# Physically realisable states and spectra

1. Apr 20, 2014

### cooev769

We've been assigned Griffiths QM for undergraduate physics. I don't particularly like it, but anyway.

It says that if the eigenvalues an observable are continuous then the eigenfunctions do not represent physically realisable states. So the eigenfunctions of the hamiltonian are discrete and therefore the stationary states represent real states. But for the position operator for example which must have the eigenfunction of the form g(x)=A dirac delta(x-y), this is continuous and hence is not a physically realisable state.

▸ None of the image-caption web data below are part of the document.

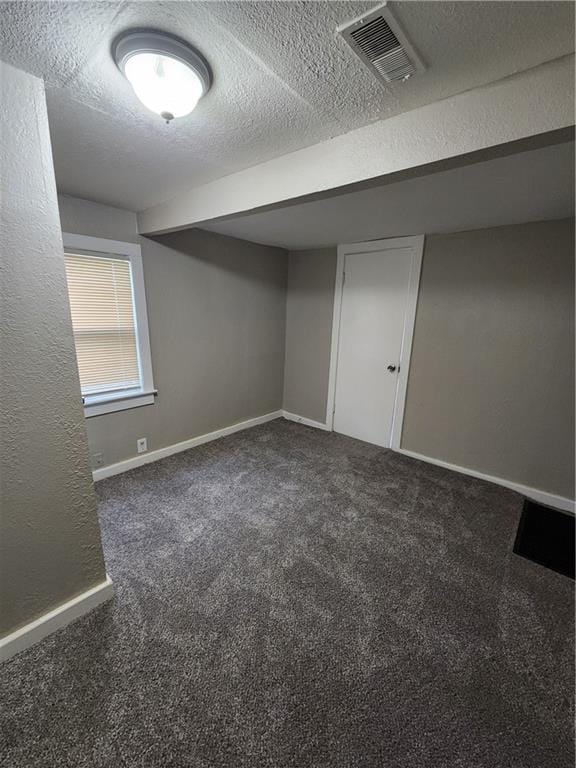 basement with a textured ceiling and dark colored carpet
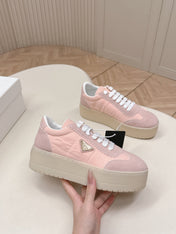 PRADA 26S PLATFORM SNEAKERS 50MM IN BLUSH PINK NYLON AND SUEDE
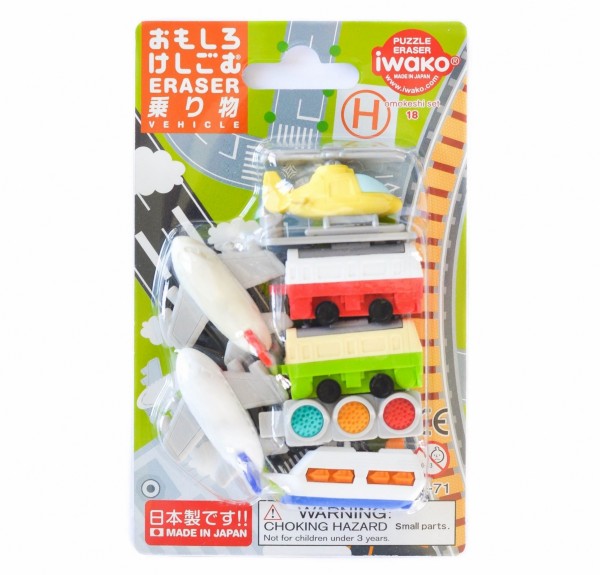 Iwako vehicle puzzle erasers: yellow helicopter, red and green trains, traffic light, boat, and planes in a blister pack.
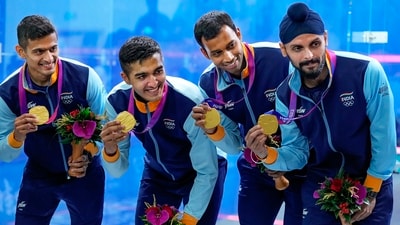 Gold medallists Saurav Ghosal, Abhay Singh, Mahesh Mangaonkar and Harinder Pal Sandhu pose for photos during the presentation ceremony of the Squash Men's Team event at the 19th Asian Games (PTI) Gold medallists Saurav Ghosal, Abhay Singh, Mahesh Mangaonkar and Harinder Pal Sandhu pose for photos during the presentation ceremony of the Squash Men's Team event at the 19th Asian Games (PTI)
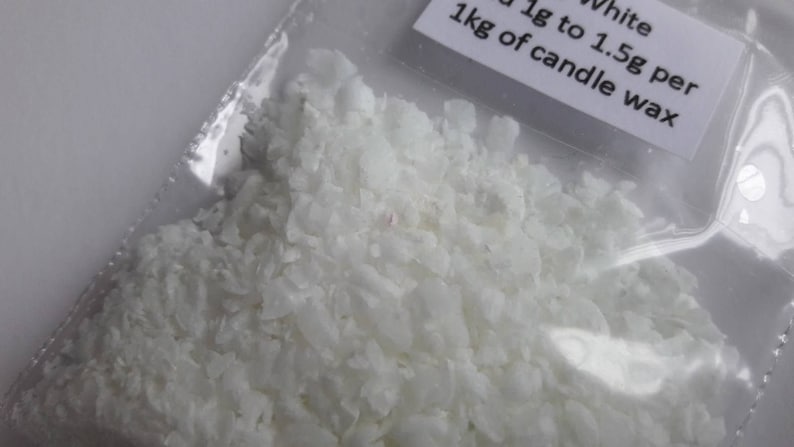 May include: White candle wax flakes in a clear plastic bag. The bag has a label that reads "White 1g to 1.5g per 1kg of candle wax".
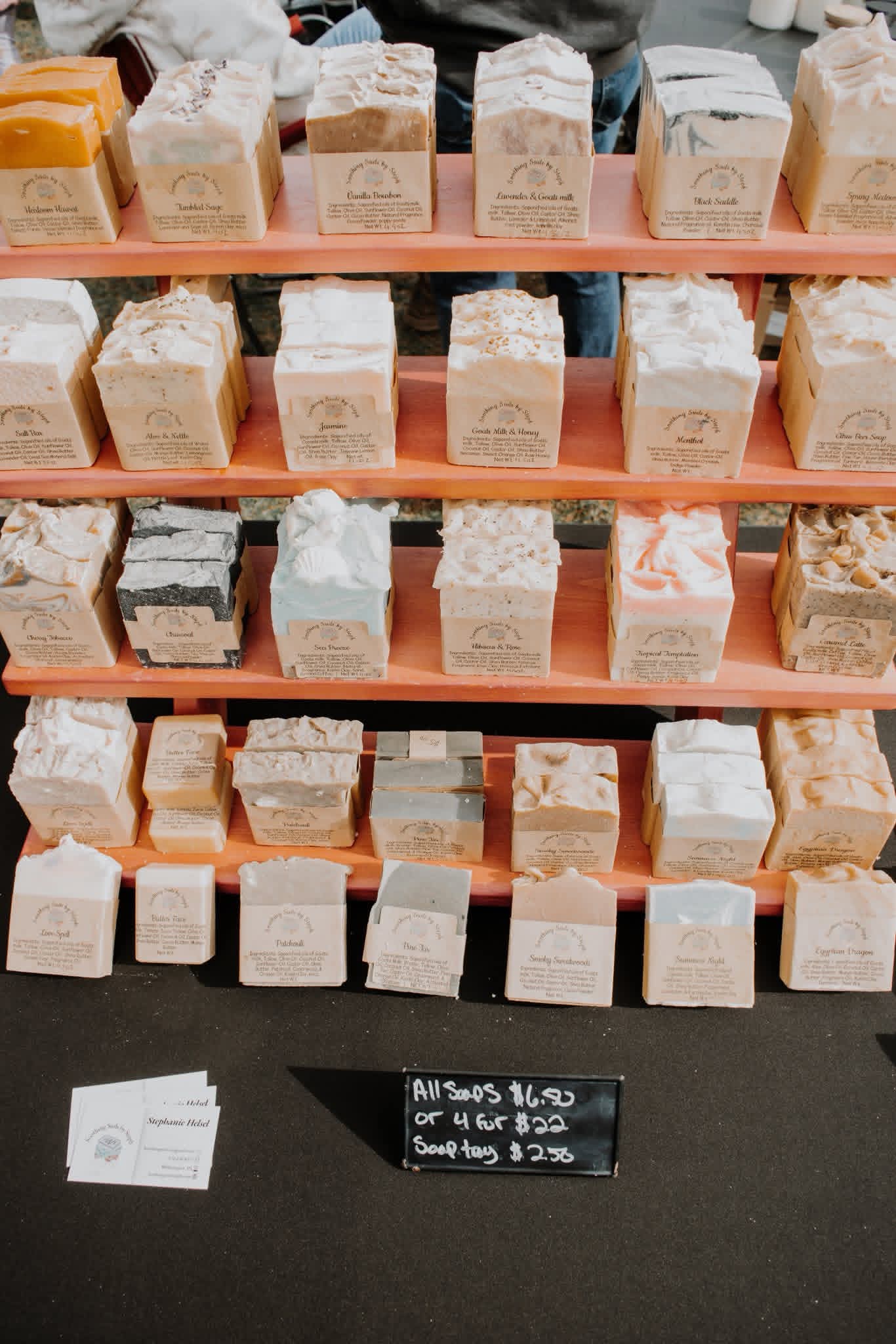 Display of various soap bars on shelves with a blackboard listing prices below.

But I thought when you make a measurement on a wave function is collapses to exactly that the dirac delta function, which would indicate this does actually occur physically. Or does this just say that this is not a physically realisable wave function given it is not dependent on time and just sits there as at a point for all eternity?

Haha thanks.

2. Apr 20, 2014

### WannabeNewton

I couldn't understand most of what you tried to elucidate but the reason Griffiths says eigenstates of observables with continuous spectrum, for a given system, are not physically realizable is they might not be normalizable under the Hilbert space norm as is the case for the momentum eigenstates of a free particle for example. It's not really a problem in practice because we can either extend our space to a Rigged Hilbert space (http://arxiv.org/pdf/quant-ph/0502053v1.pdf) in order to accommodate these "generalized eigenfunctions" that are not normalizable under the Hilbert space norm, or we can just use box normalization (http://csma31.csm.jmu.edu/physics/giovanetti/quantum/Normmomentum.htm) and avoid the Dirac delta functions altogether.

3. Apr 20, 2014

### Matterwave

The delta-function distribution for x is certainly a idealization. Physically it is impossible to have 0 uncertainty in any measurement which can yield a continuity of results. If my observable O can have eigenvalues in a continuum, say [-1, 1] for simplicity, I can't physically choose out 1 (and exactly 1) number from that because a single number is of zero measure, and the probability of getting that number is 0 (almost 0? I'll let a mathematician figure that one out). We can only constrain the value to some range O=[o-do,o+do], so we will get a sum of eigenfunctions, rather than one eigenfunction itself.

4. Apr 21, 2014

### bhobba

The QM space isn't really a Hilbert space as some texts will tell you. It can be treated that way but most physicits, for practical reasons, use what is called a Rigged Hilbert Space. The physically reliazeable functions are all nice ie are continuously differentiable, vanish at infinity etc. For convenience this is extended to include linear functionals defined on such functions, and the Dirac delta function is such an object. It isn't really a function, but to any desired degree of accuracy can be approximated by a legit function with all the nice properties of the physically realisable functions. It's sort of like in calculus treating dx etc as very small actual numbers. You can go a long way doing that and just like in calculus you defer the correct treatment until later best to defer what's going on here.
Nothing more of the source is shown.